Right now in the U.K. our constitutional arrangements are continually debated in parliament (and
outside) and there are at least five areas where changes have recently arisen or are about to
happen. One is further changes to the House of Lords, and two changes in our libel laws. We have
empowered through acts of parliament in recent years (a) local government, (b) national assembly
for Wales (c) the European Human Rights Bill.
Our constitution unrefined and undefined as it may appear to be, works, and works well. To change
from this to a formal written constitution would be pointless and likely to cause a crisis in national
affairs.
It would not increase the power of the people if the U.S is anything to go by; it would probably
reduce it, make it more cumbersome and create a huge new industry called lobbying. Tony Blair
went to war with Iraq notwithstanding the wishes of the people (more than 1 million people
demonstrated against this in London), George W Bush invaded Iraq without consulting his people.
The written constitution of America was penned over 200 years ago and has had just 7 amendments
since then. This I believe is a moribund document unsuited to todays rapidly changing modern
world. Congress and corporate lobbyists rule, and in support they have the Supreme Court waiting
in the background to strike out change.
There are 3 branches of government which rarely agree and without agreement there can never be
change under the written constitution.
I believe that parliament could if it wished change or abolish the House of Lords, Abolish elections,
or declare a Republic. This may be seen as a weakness in our system.

I do not believe that it is our right to determine what future generations must do, but having a
written constitution which may prove impossible to amend is not what is needed, let future
generations (easily) make their own bed.
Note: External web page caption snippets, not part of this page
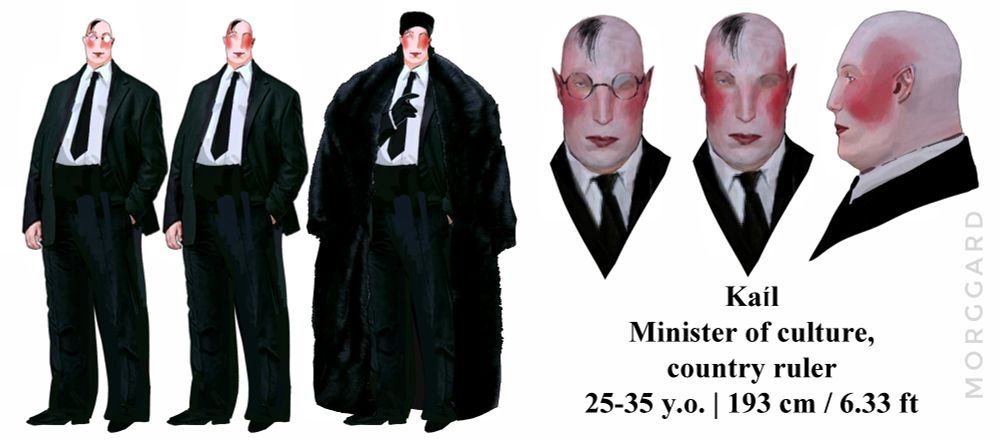 Kaíl: minister of culture, country ruler, 25-35 yo , 193 cm/ 6.3 ft,
Black suit, long black fur coat, bald fat man with youthful face, dark lipstick, red blush 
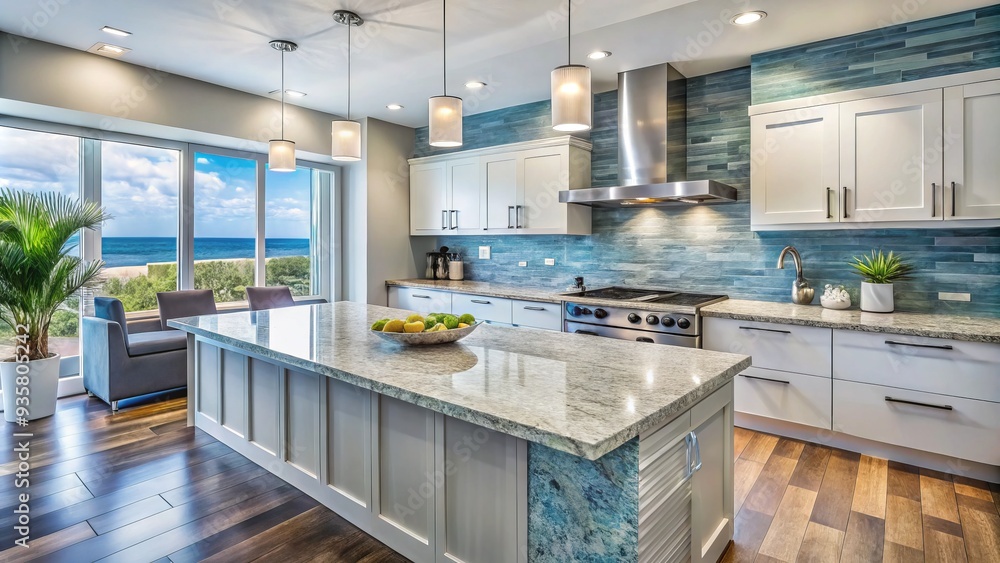In this modern coastal retreat, cool blue and gray granite and tile combine to create a calming, beach-inspired atmosphere that embodies the soothing essence of the ocean. In this modern coastal retreat, cool blue and gray granite and tile combine to create a calming, beach-inspired atmosphere that embodies the soothing essence of the ocean.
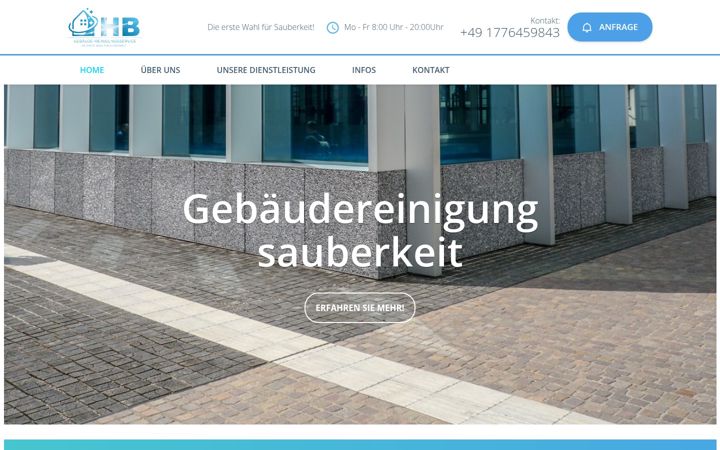 Skærmbillede af hbreinigungsservice.de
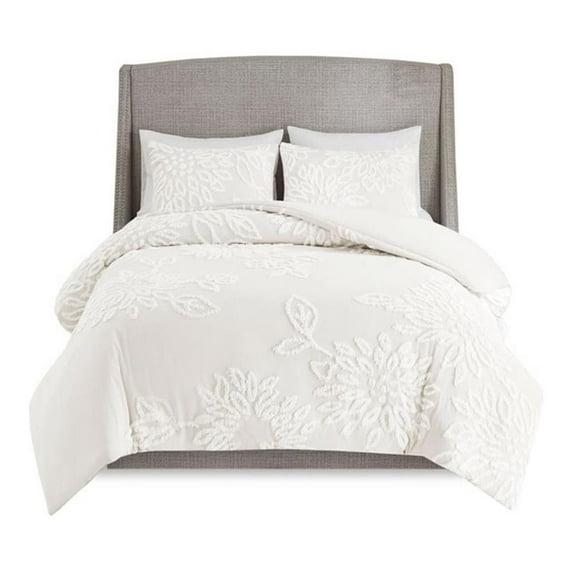 Kelly Clarkson Home Gwyneth 3 Piece Tufted Cotton Chenille Floral Duvet Cover Set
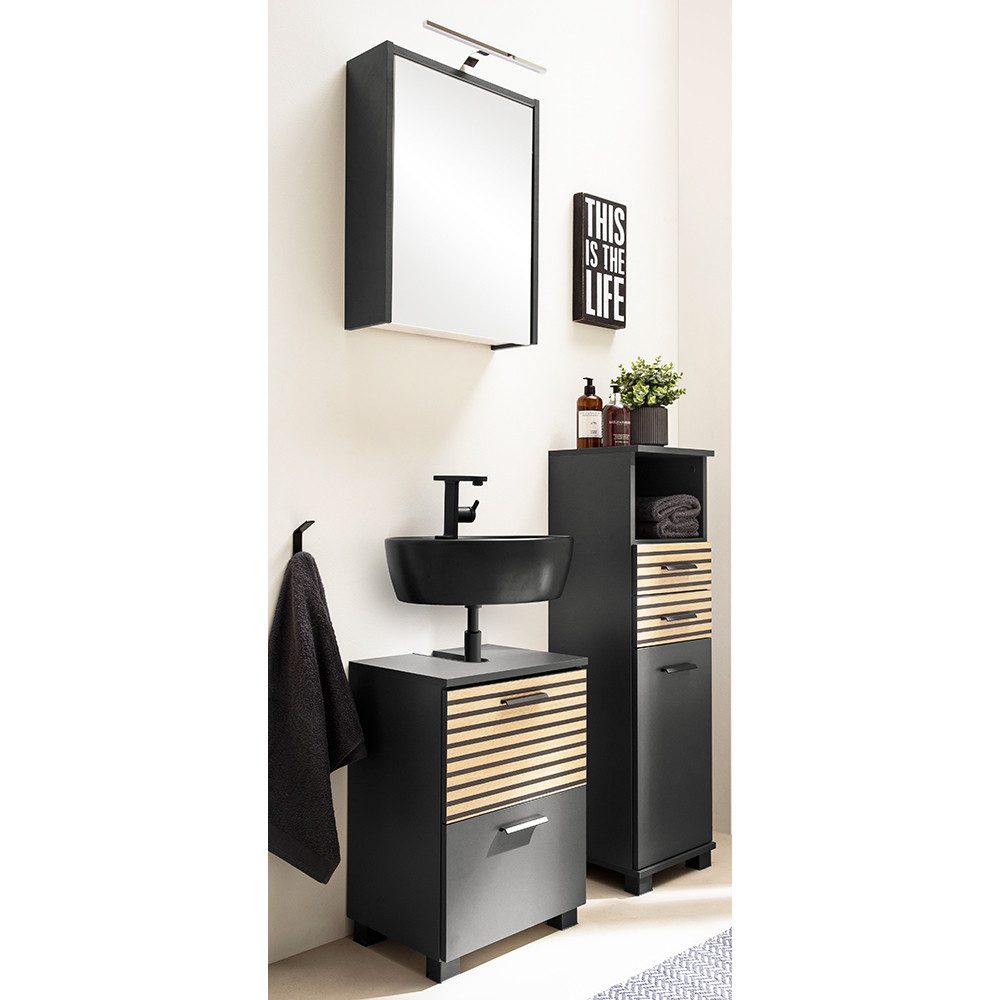 Lomadox Badmöbel-Set KANE-80, (Spar-Set, 3-St., Waschbeckenunterschrank Spiegelschrank Aufbauleuchte Midischrank), anthrazit Akustikpaneel-Optik inkl. LED Aufbauleuchte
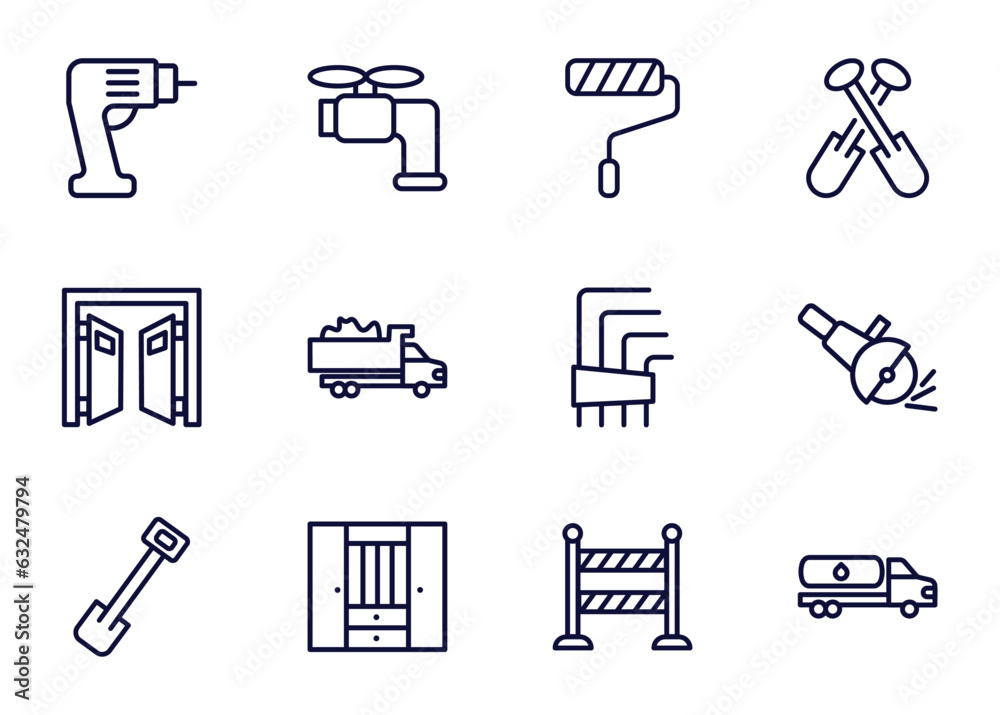 set of construction thin line icons. construction outline icons such as ...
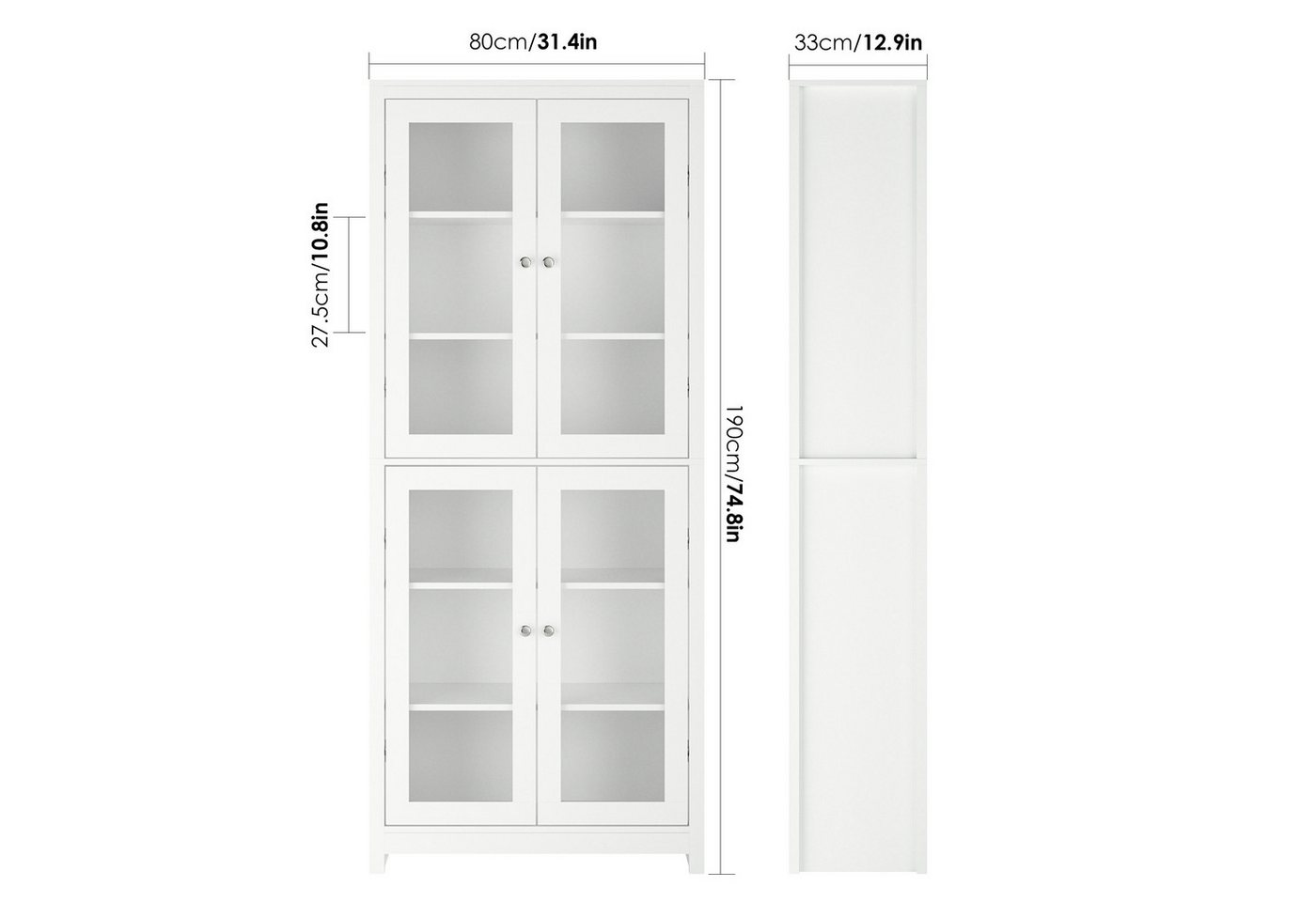 Homfa Vitrine Vitrinenschrank, Bücherschrank, 190 cm Hochschrank mit 4 Glastüren, 6 Fächern, 80x33x190cm, Weiß, aus Holz – Bild 3 von 5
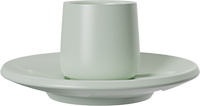 Mini Double Walled Coffee Cup and Saucer CM80-01B Light Green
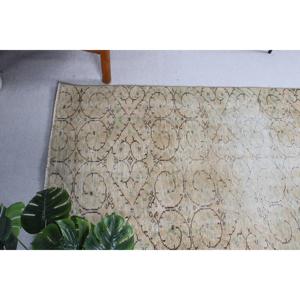 3.1x6.2 ft Vintage Accent Rug, <b>Brown</b> Green Turkish Moroccan <b>Wool</b> Rug - Product Image 4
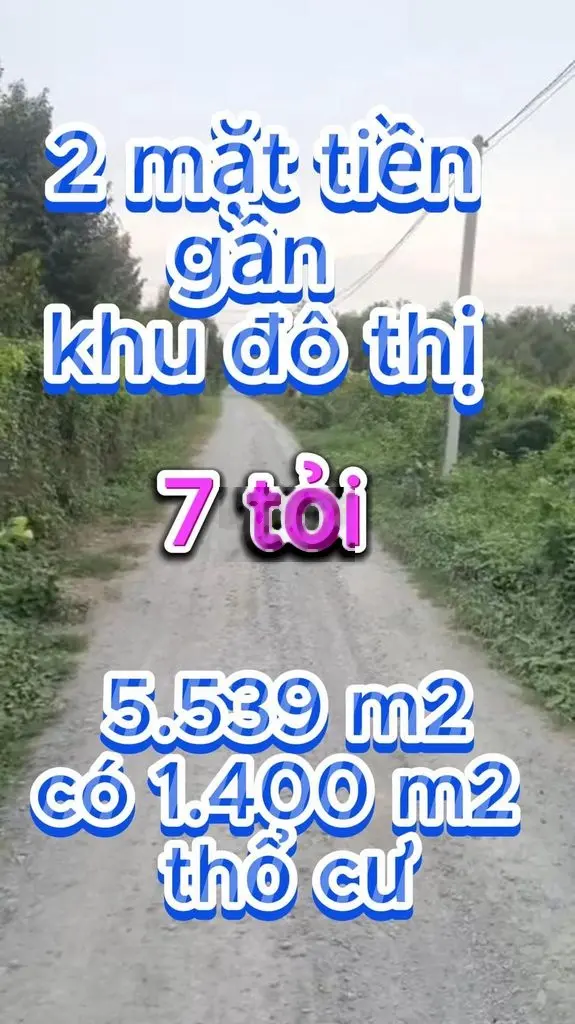 5539m2 có 1400m2 thổ cư. Ngay khu đô thị Phước Đông. 7 tỷ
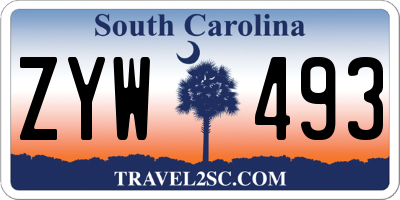 SC license plate ZYW493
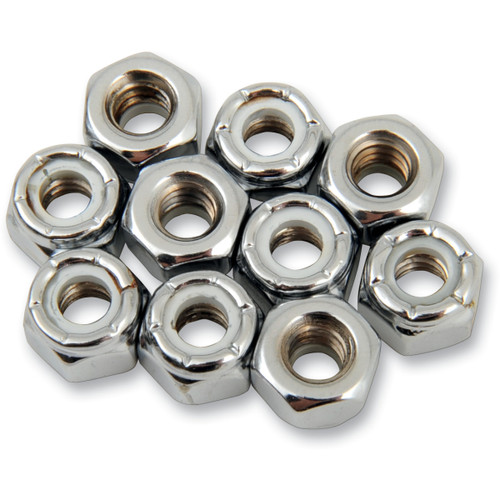 Drag Specialties - Nuts - Nylon - Chrome - 1/4"-20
A major problem would also be what should be in a
written constitution and what should not. Given the wide spectrum of opinion and debate in the
U.K. finding the definite answer to this would be an insurmountable problem. Would we hold a
referendum to decide on whether or not we should have a written constitution would we then (if
yes) hold a second referendum on what this constitution should contain. Should we hold bother
together? What happens if answer to 2. Is No.

On reading Richard Gordons recent book, repairing British Politics I find myself agreeing with him
in particular with regard to his comments on parliamentary sovereignty which he argues is the exact

opposite of what we need which is constitutional supremacy. Although Mr Gordon recognises the
history of parliamentary sovereignty he also sees it as the stumbling block to constitutional change.

He claims that parliamentary sovereignty is incompatible with a written constitution which would
place constraints on the power of parliament.

I do absolutely believe that no incoming government should be irrevocably bound by the acts of the
former government, and our parliamentary system enables the necessary changes to be made
swiftly.
Under the last government Gordon Brown and his Justice Secretary Jack Straw were reported to
have been working on a British Bill of Rights and responsibilities and there were suggestions that this
could lead to a written constitution. However, the present coalition has said it has no plans to adopt
a written constitution and I for one am happy with this.

I believe that parliamentary sovereignty and a written constitution are not compatible in theory, but
may be compatible in practice, although in practice it would not be in an obvious form.